▶ [Assigned task]: Could you reproduce the lines below from the one with "Agung Raka Villa" through the one with "Jugabilidad de 1666 Amsterdam"? Keep both ends and add nothing.

*** Data extract Section Begins ***

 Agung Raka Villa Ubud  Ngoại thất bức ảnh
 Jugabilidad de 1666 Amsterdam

*** Data extract Section Ends ***
*** Data extract Section Begins ***

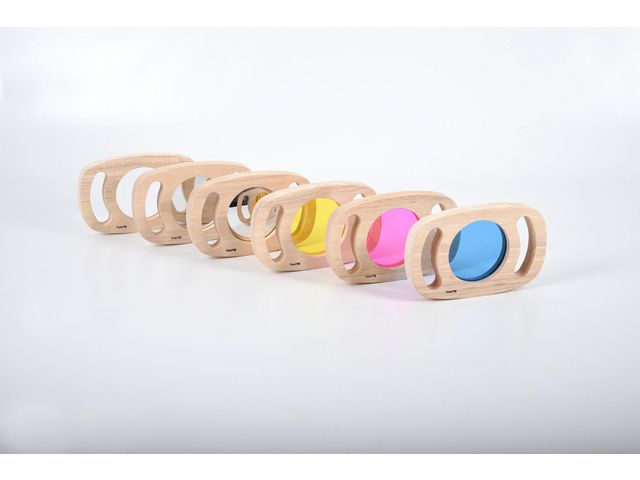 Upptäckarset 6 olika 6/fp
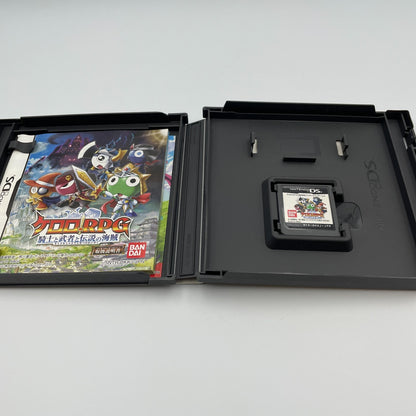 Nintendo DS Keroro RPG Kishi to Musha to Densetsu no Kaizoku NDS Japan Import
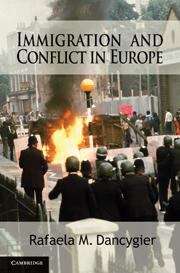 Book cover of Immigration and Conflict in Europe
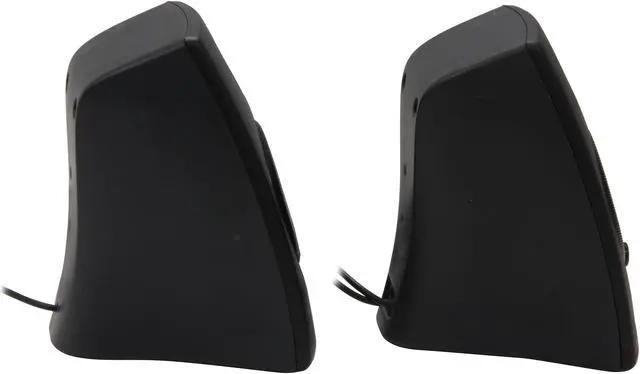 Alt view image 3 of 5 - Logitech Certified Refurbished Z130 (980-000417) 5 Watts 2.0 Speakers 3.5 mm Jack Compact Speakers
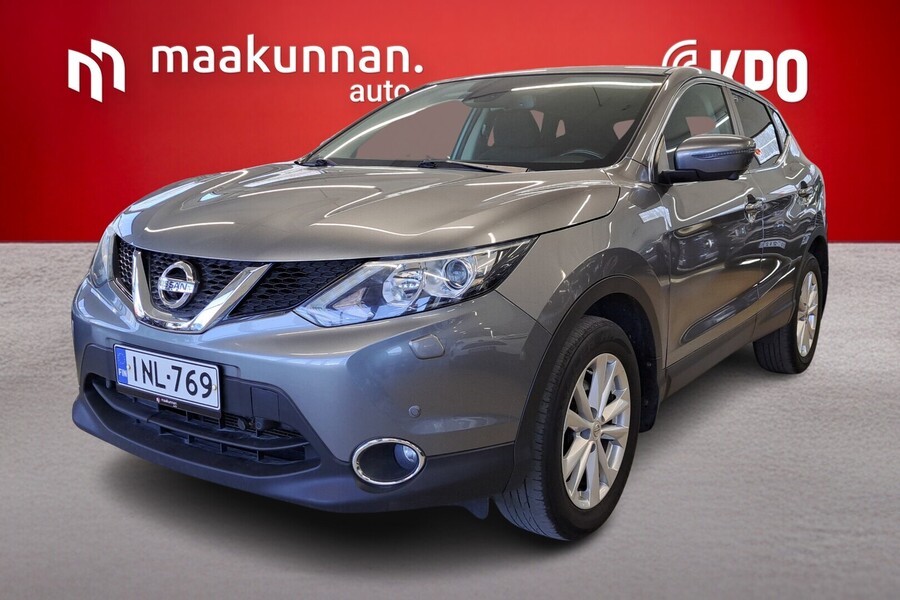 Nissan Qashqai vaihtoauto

*** Data extract Section Ends ***

▶ [Response box]:
 Agung Raka Villa Ubud  Ngoại thất bức ảnh
 Jugabilidad de 1666 Amsterdam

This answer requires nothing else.